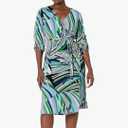 Anne Klein Plus-Size Flutter Sleeve Printed Wrap Dress 3X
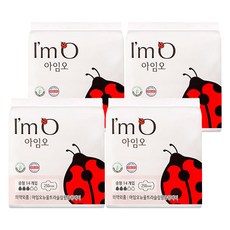 i'm O 蝶翼型衛生棉, 14片, 4盒, M(250mm)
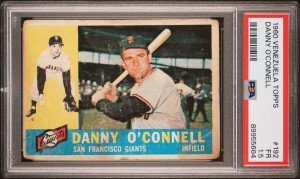 1960 Venezuelan Topps Danny O'Connell PSA 1.5 Card
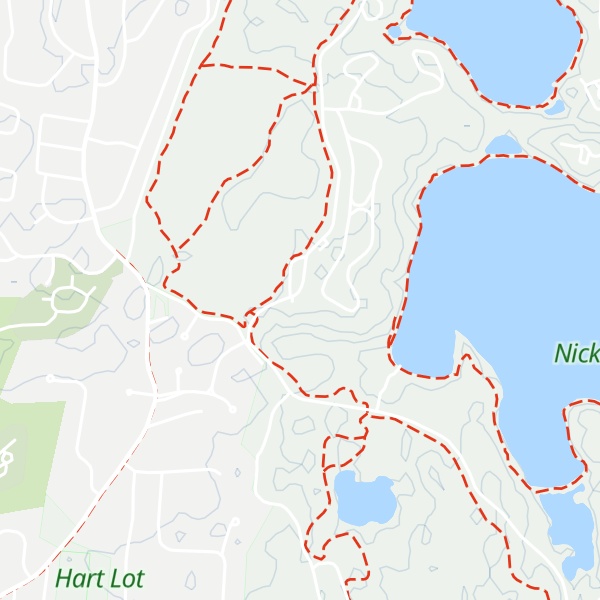 Map of Deer Park Hill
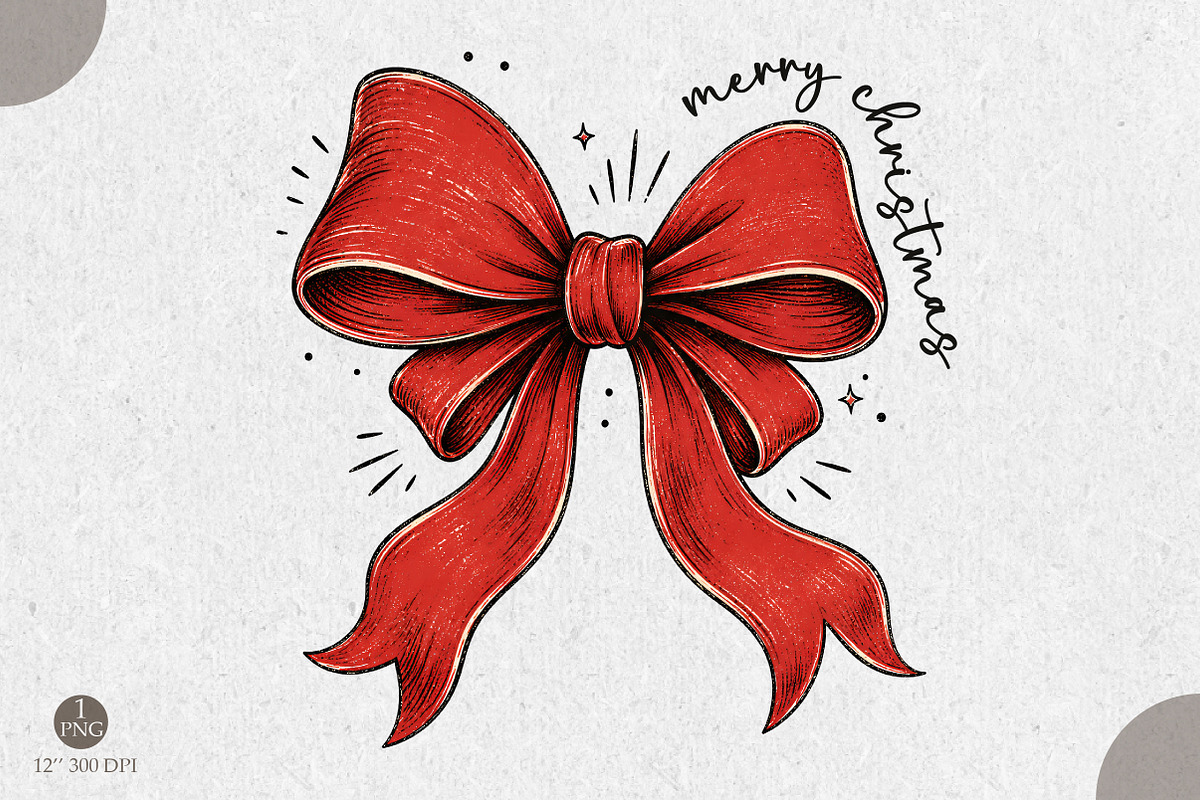 Merry Christmas Png, Christmas, a Seasonal Illustration by Libby Wishes (Photo 1 of 3)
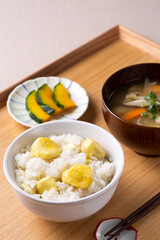 栗ご飯定食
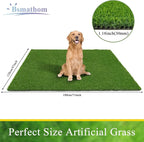 Bsmathom Artificial Grass Rug Indoor Outdoor Rug, 4x6Ft Artificial Grass Area - Image 5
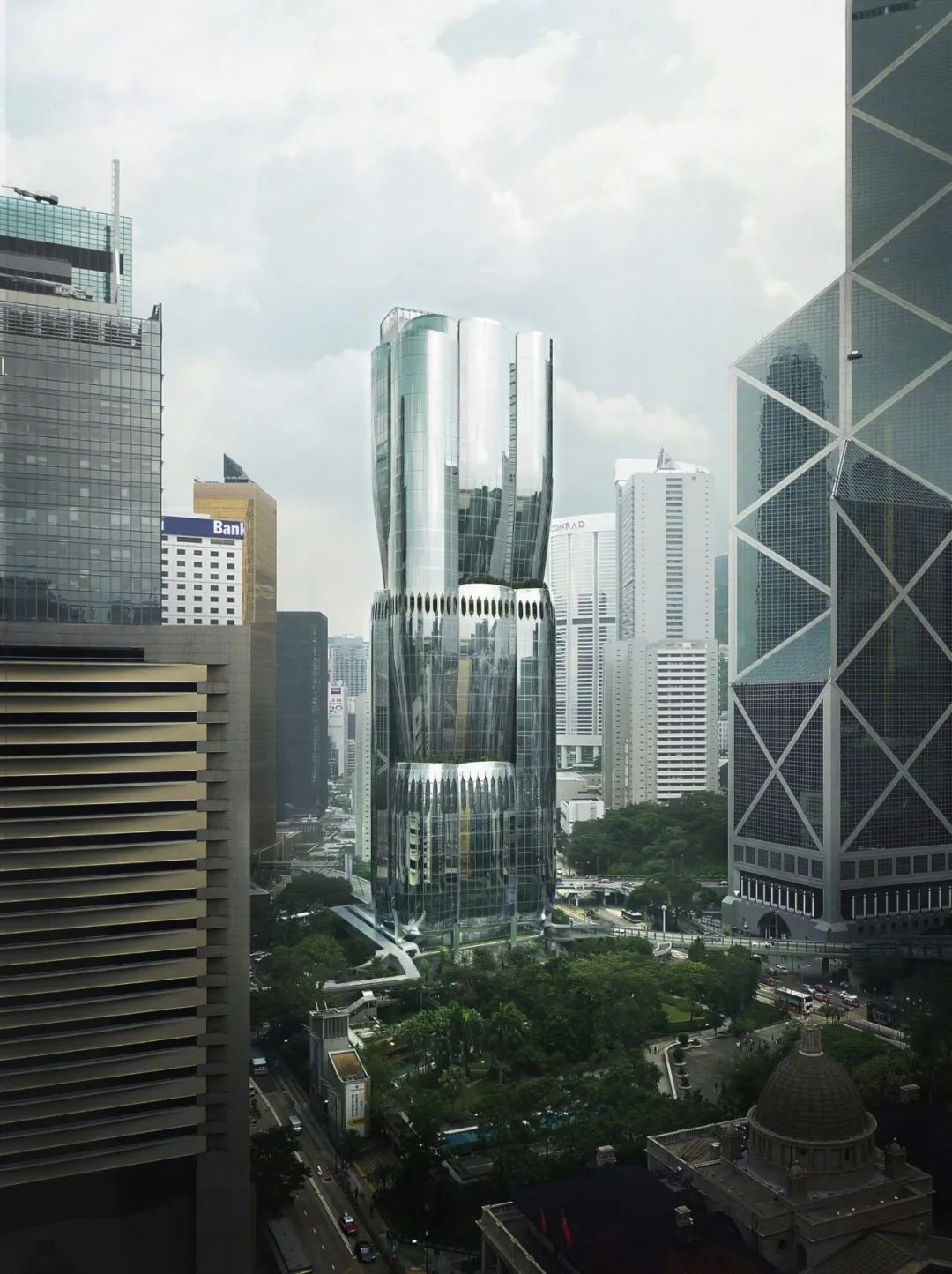 香港墨累路 2 号摩天大楼,诠释紫荆花之美-17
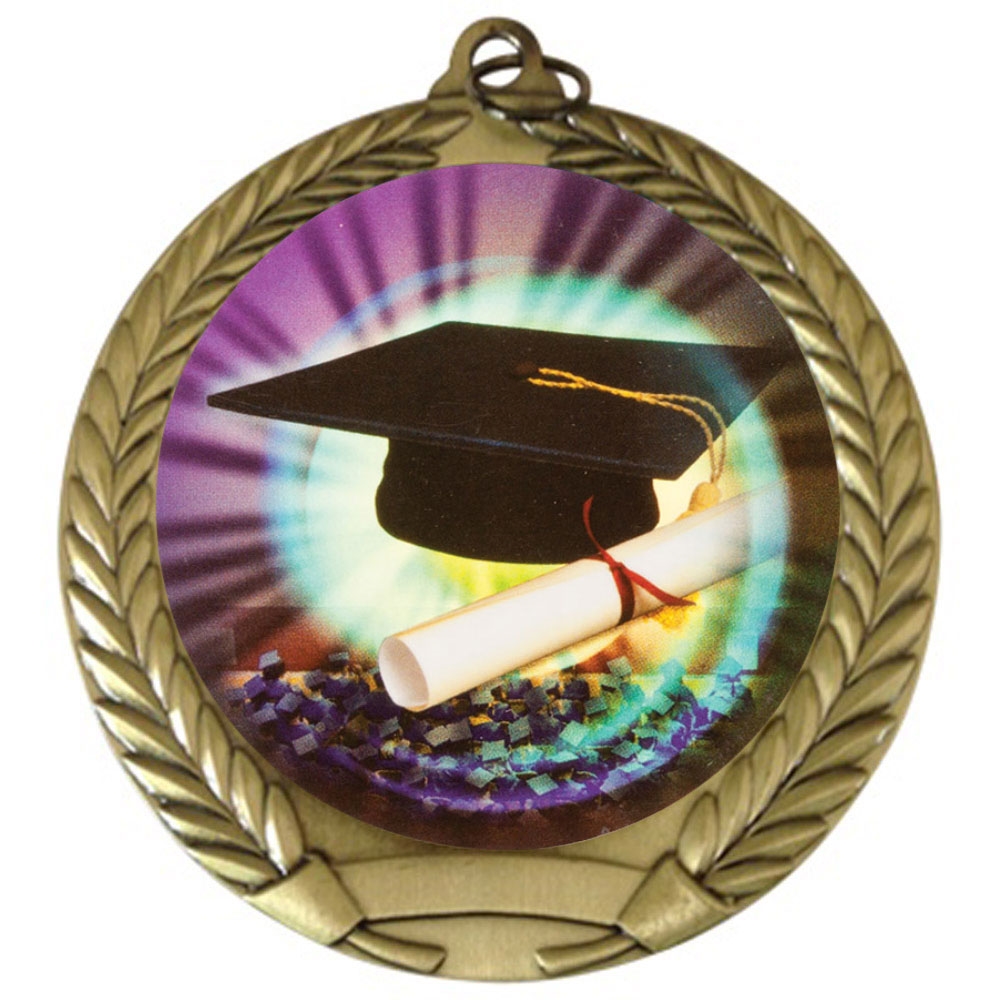 2-3/4" Graduation Medal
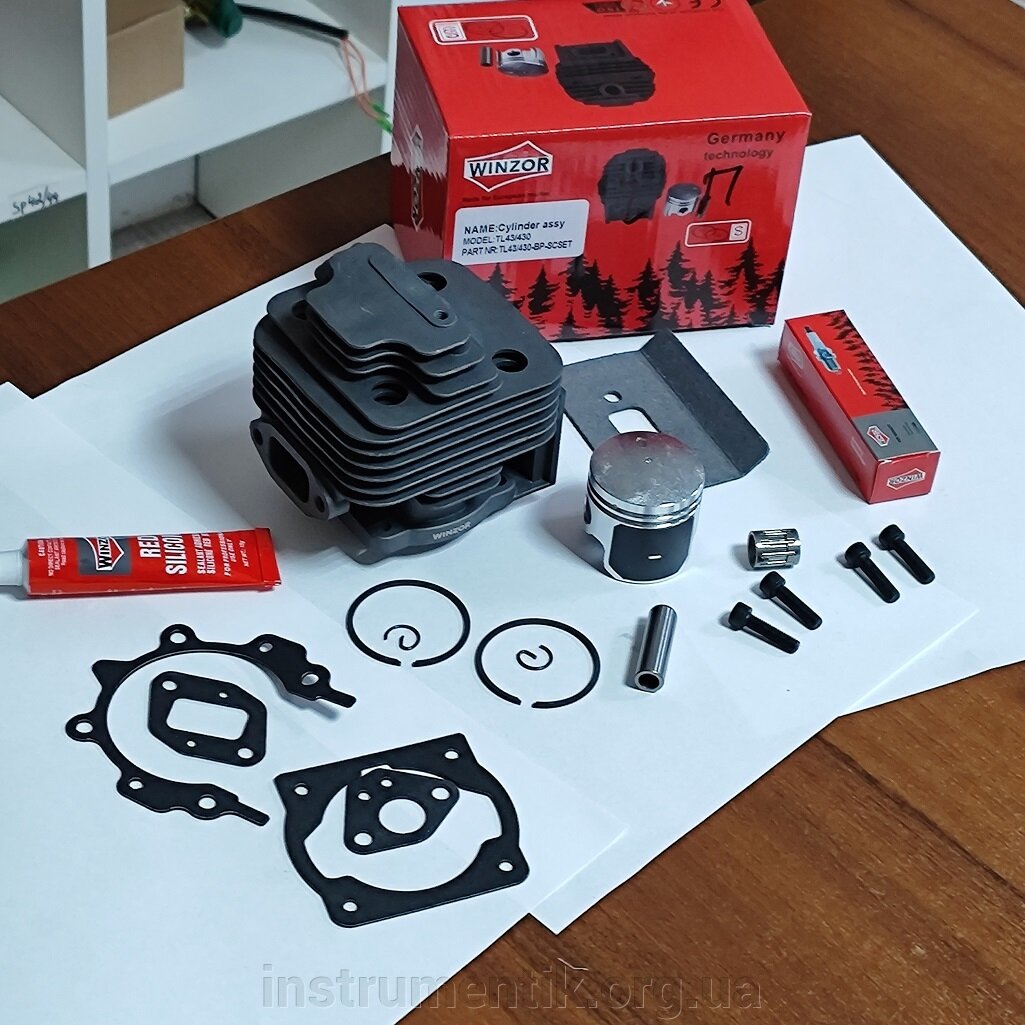 Поршневая группа Ø40 для мотокосы Winzor + Ceramic/Grafite PRO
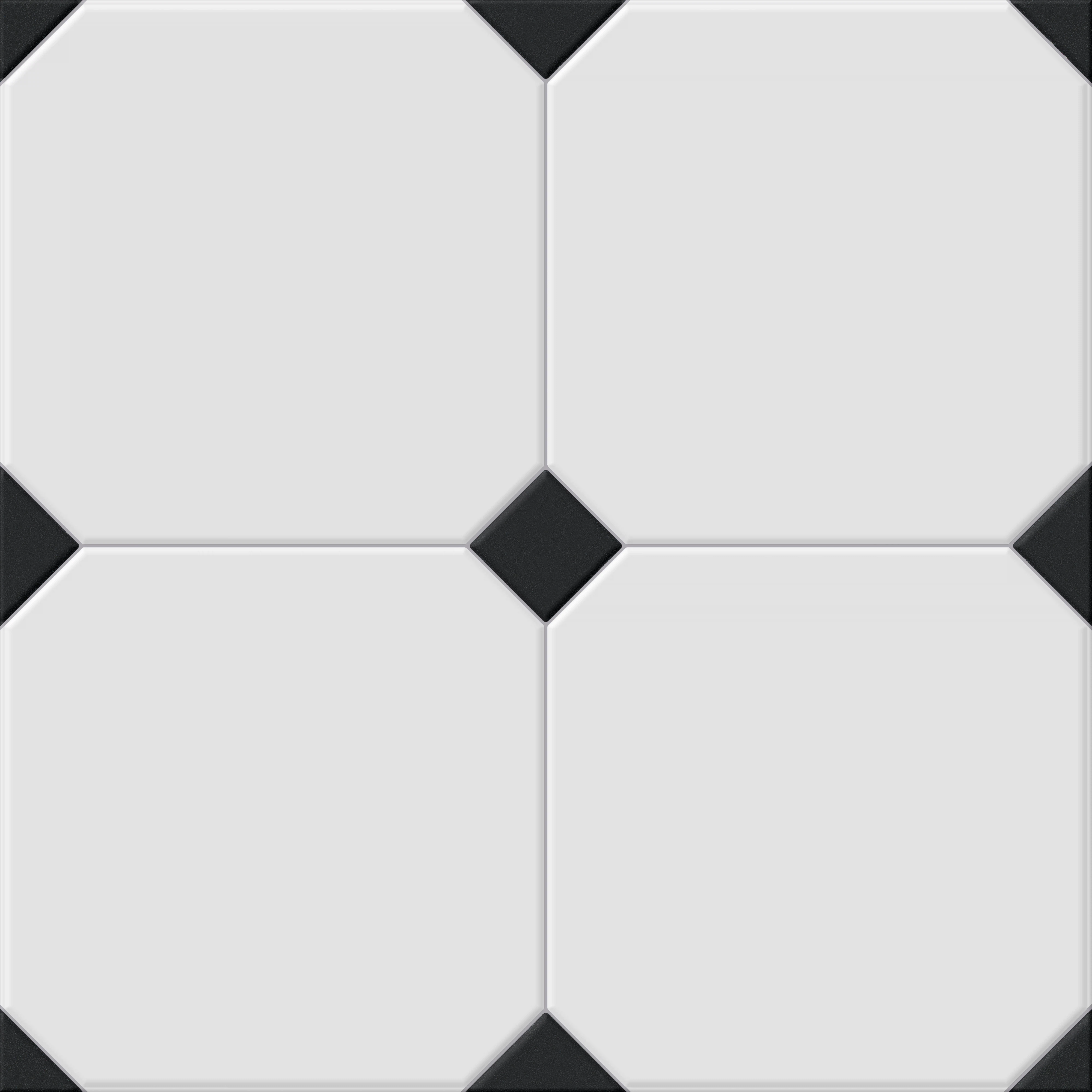 Изображение товара Керамогранит Betera Black-White 58x58 (1,00)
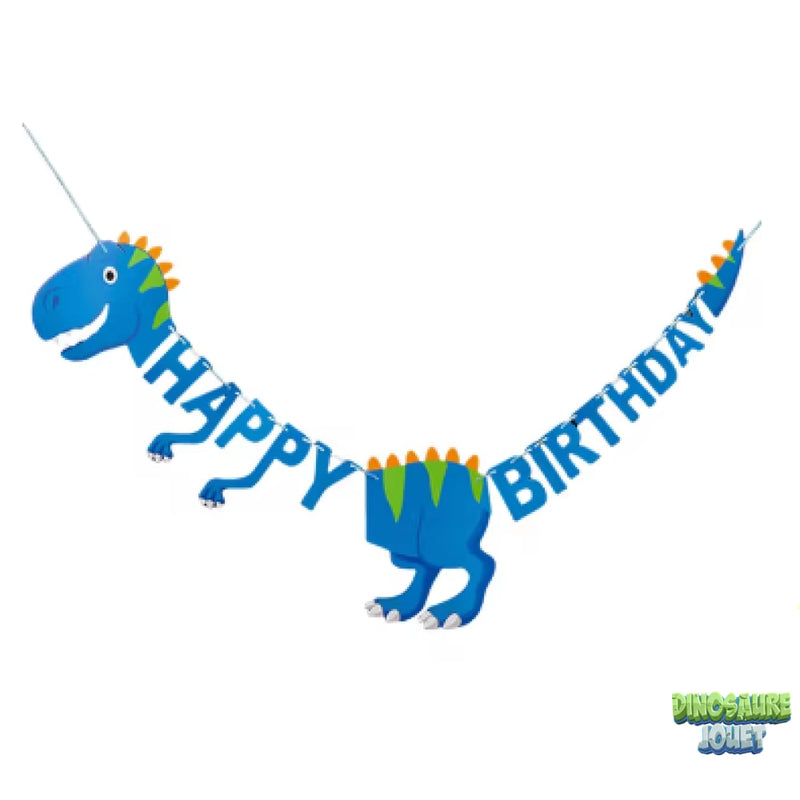 Banderole Anniversaire Dinosaure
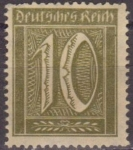 Stamps Germany -  Alemania 1922 Scott 138 Sello * Cifras Numeros 10 Deutsches Reich Allemagne Germany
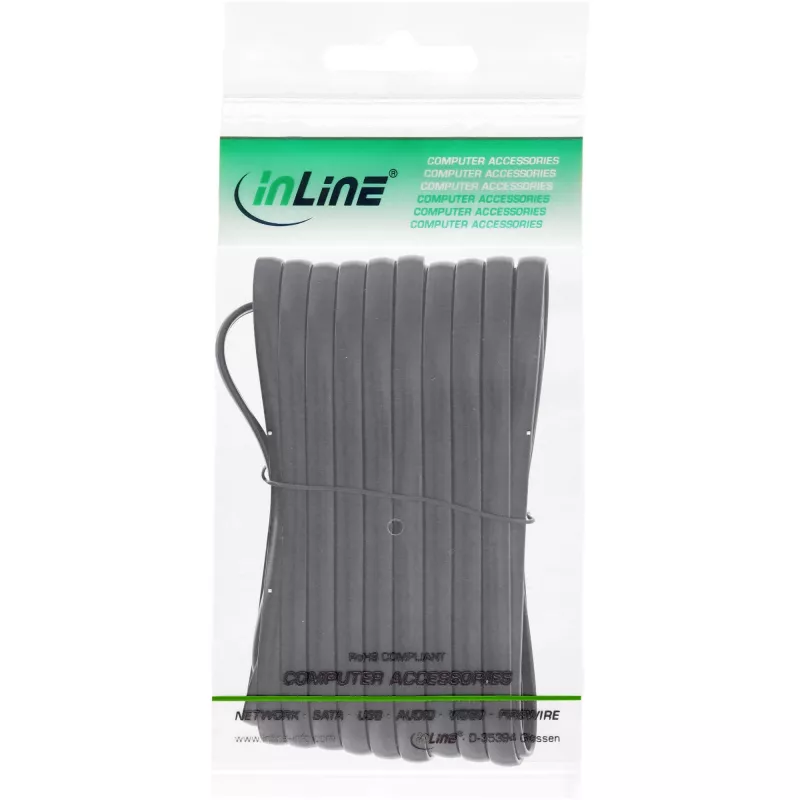 InLine καλώδιο Modular RJ12 βύσμα αρσενικό / βύσμα αρσενικό 6P6C 20m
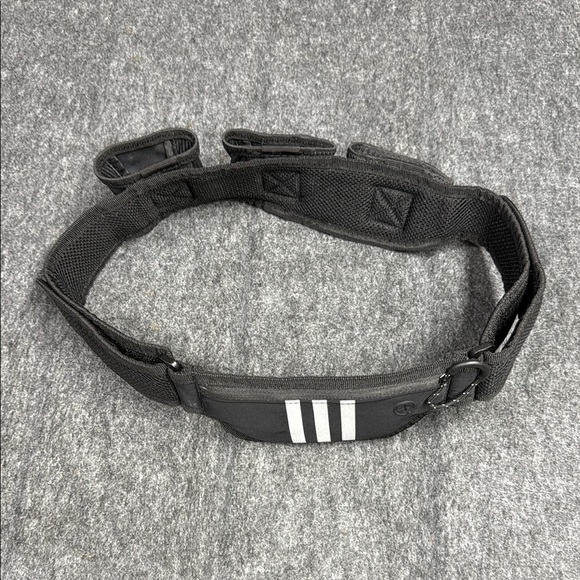 Adidas Black Running Belt Sleek Adjustable Accessory - Picture 5 of 8
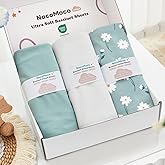3 Pack Soft Bassinet Sheets - 33"x20" Bedside Bassinet Sheets for Baby Delight, Angelbliss, Maxi-COSI & Most Regular Size Bedside Sleeper | Breathable & Skin Friendly Bassinet Fitted Sheets for Girls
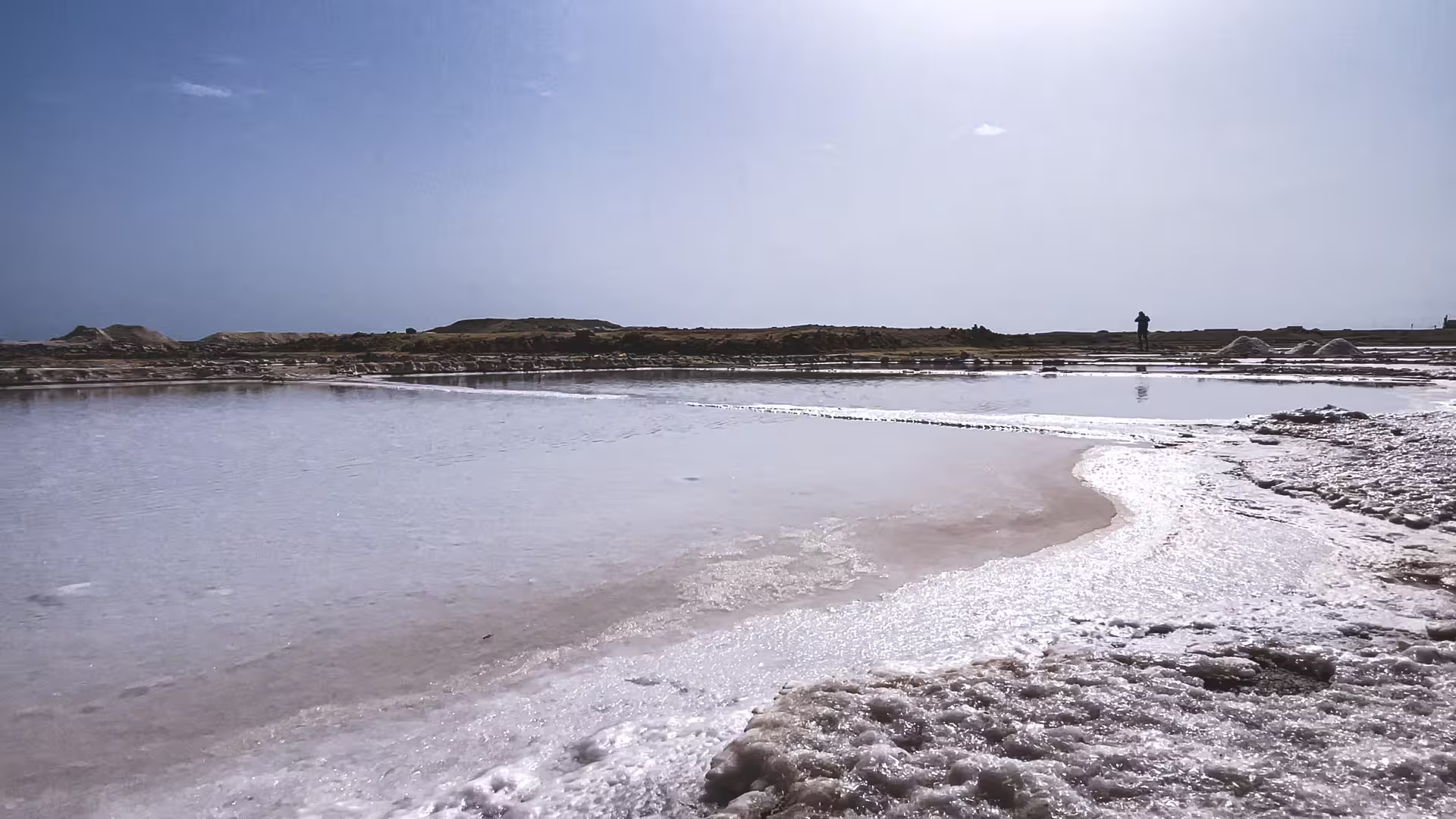 Sunlit Pedra de Lume salt pans and crusty shoreline, Sal Island day tour highlight with lunch and fees included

• **Work to be completed**
Every entry above needs to be duplicated exactly, without its images.

• **The completed task**
 Anne Klein Plus-Size Flutter Sleeve Printed Wrap Dress 3X
 i'm O 蝶翼型衛生棉, 14片, 4盒, M(250mm)
 1960 Venezuelan Topps Danny O'Connell PSA 1.5 Card
 Map of Deer Park Hill
 Merry Christmas Png, Christmas, a Seasonal Illustration by Libby Wishes (Photo 1 of 3)
 栗ご飯定食
 Bsmathom Artificial Grass Rug Indoor Outdoor Rug, 4x6Ft Artificial Grass Area - Image 5
 香港墨累路 2 号摩天大楼,诠释紫荆花之美-17
 2-3/4" Graduation Medal
 Поршневая группа Ø40 для мотокосы Winzor + Ceramic/Grafite PRO
 Изображение товара Керамогранит Betera Black-White 58x58 (1,00)
 Banderole Anniversaire Dinosaure
 Stamps Germany -  Alemania 1922 Scott 138 Sello * Cifras Numeros 10 Deutsches Reich Allemagne Germany
 InLine καλώδιο Modular RJ12 βύσμα αρσενικό / βύσμα αρσενικό 6P6C 20m
 Adidas Black Running Belt Sleek Adjustable Accessory - Picture 5 of 8
3 Pack Soft Bassinet Sheets - 33"x20" Bedside Bassinet Sheets for Baby Delight, Angelbliss, Maxi-COSI & Most Regular Size Bedside Sleeper | Breathable & Skin Friendly Bassinet Fitted Sheets for Girls
 Sunlit Pedra de Lume salt pans and crusty shoreline, Sal Island day tour highlight with lunch and fees included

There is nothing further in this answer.